- YOUR OBJECTIVE: Directions for the data below: repeat exactly the lines from the one with "Malandrino‎ Pants, Size" through the one with "Image of Vixon", both included, and omit all pictures.

- DATA EXTRACTS:
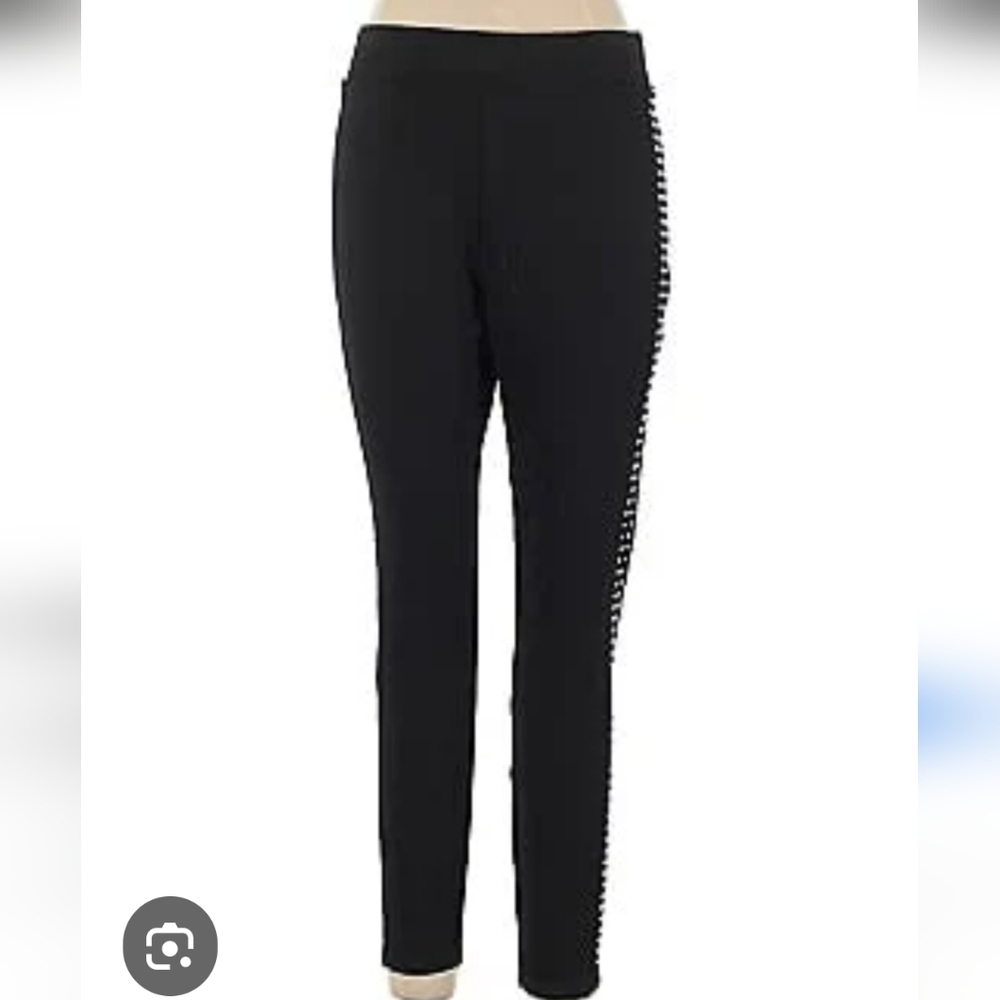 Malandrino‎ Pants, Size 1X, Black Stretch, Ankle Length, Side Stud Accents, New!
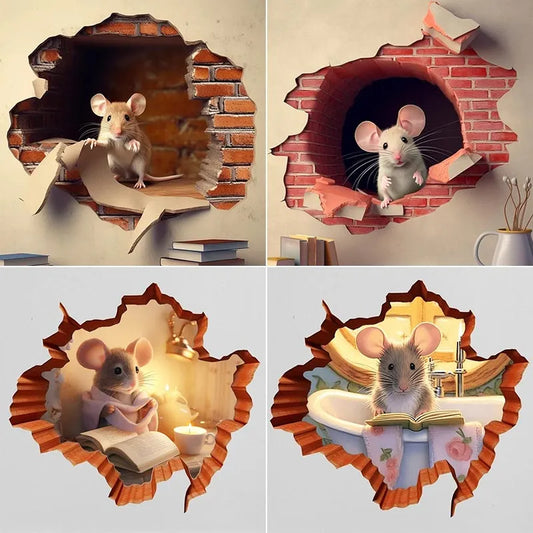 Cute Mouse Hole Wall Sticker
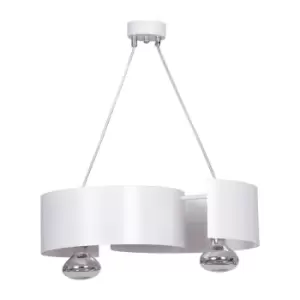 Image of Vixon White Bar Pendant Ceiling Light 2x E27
* * *
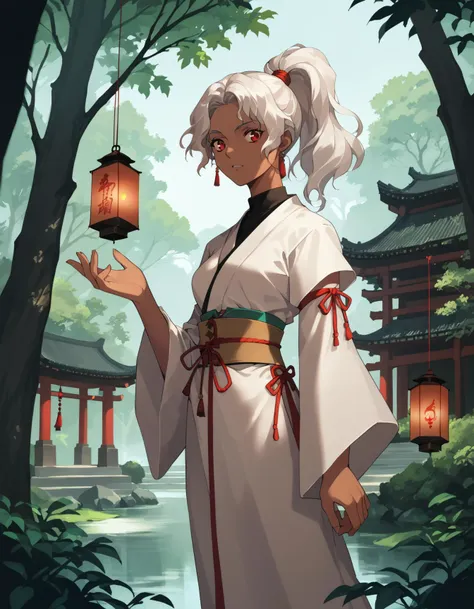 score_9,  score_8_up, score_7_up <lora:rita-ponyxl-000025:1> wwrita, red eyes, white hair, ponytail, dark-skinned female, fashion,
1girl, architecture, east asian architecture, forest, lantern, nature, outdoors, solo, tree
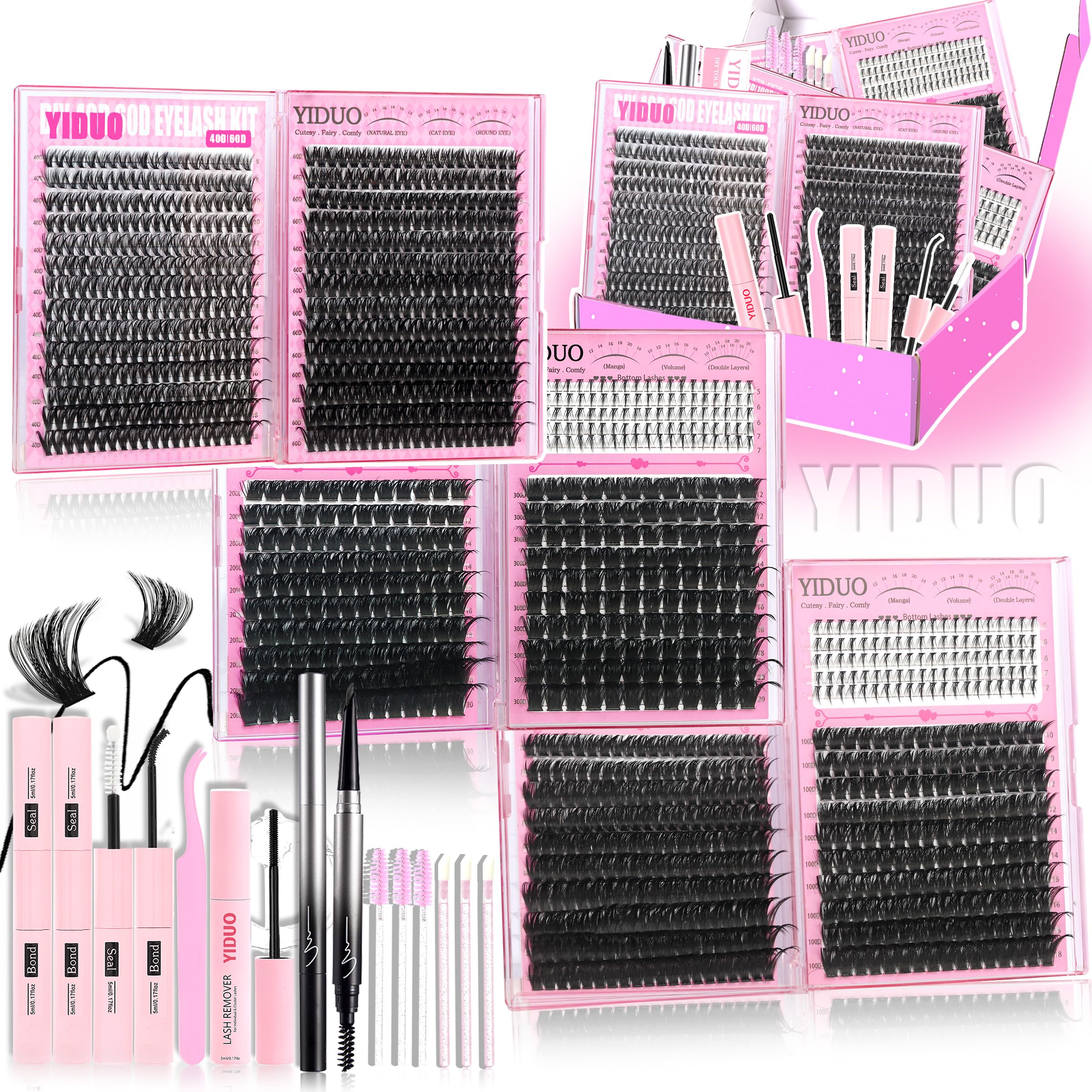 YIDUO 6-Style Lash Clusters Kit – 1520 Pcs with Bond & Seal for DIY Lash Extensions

- SOLUTION TO THIS EXERCISE:
 Malandrino‎ Pants, Size 1X, Black Stretch, Ankle Length, Side Stud Accents, New!
 Cute Mouse Hole Wall Sticker
 Image of Vixon White Bar Pendant Ceiling Light 2x E27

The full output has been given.